(Data excerpts)
+++
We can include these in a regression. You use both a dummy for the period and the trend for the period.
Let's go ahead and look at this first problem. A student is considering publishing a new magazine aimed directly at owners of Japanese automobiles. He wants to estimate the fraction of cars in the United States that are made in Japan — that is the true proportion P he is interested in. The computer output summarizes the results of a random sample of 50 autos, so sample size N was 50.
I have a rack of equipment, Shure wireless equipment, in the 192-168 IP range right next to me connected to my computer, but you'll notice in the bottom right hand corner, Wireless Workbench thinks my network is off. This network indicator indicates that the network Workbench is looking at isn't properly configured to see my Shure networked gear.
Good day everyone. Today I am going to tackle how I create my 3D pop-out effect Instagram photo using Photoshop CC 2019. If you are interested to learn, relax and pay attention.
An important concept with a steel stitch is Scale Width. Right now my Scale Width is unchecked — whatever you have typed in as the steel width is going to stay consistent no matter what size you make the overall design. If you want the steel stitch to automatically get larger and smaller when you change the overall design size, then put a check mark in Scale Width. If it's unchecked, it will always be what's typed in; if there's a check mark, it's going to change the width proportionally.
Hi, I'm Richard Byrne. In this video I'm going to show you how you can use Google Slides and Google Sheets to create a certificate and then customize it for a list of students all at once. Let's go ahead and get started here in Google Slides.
+++
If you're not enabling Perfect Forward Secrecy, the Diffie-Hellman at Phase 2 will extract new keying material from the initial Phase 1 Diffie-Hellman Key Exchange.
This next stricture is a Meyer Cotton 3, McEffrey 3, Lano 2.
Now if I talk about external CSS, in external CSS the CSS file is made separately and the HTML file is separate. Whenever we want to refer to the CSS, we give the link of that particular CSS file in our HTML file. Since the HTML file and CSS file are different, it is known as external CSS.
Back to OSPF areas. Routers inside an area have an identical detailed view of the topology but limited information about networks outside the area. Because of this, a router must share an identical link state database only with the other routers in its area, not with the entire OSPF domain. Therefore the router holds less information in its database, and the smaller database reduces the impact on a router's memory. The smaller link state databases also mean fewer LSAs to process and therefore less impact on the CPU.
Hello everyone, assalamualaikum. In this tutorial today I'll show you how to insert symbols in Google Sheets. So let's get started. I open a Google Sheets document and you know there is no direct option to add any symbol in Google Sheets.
+++
▶ _PROMPT_
All lines with the word "show" are needed; pull them from the entries and copy each.

▶ _EXPECTED ANSWER_
Hi, I'm Richard Byrne. In this video I'm going to show you how you can use Google Slides and Google Sheets to create a certificate and then customize it for a list of students all at once. Let's go ahead and get started here in Google Slides.
Hello everyone, assalamualaikum. In this tutorial today I'll show you how to insert symbols in Google Sheets. So let's get started. I open a Google Sheets document and you know there is no direct option to add any symbol in Google Sheets.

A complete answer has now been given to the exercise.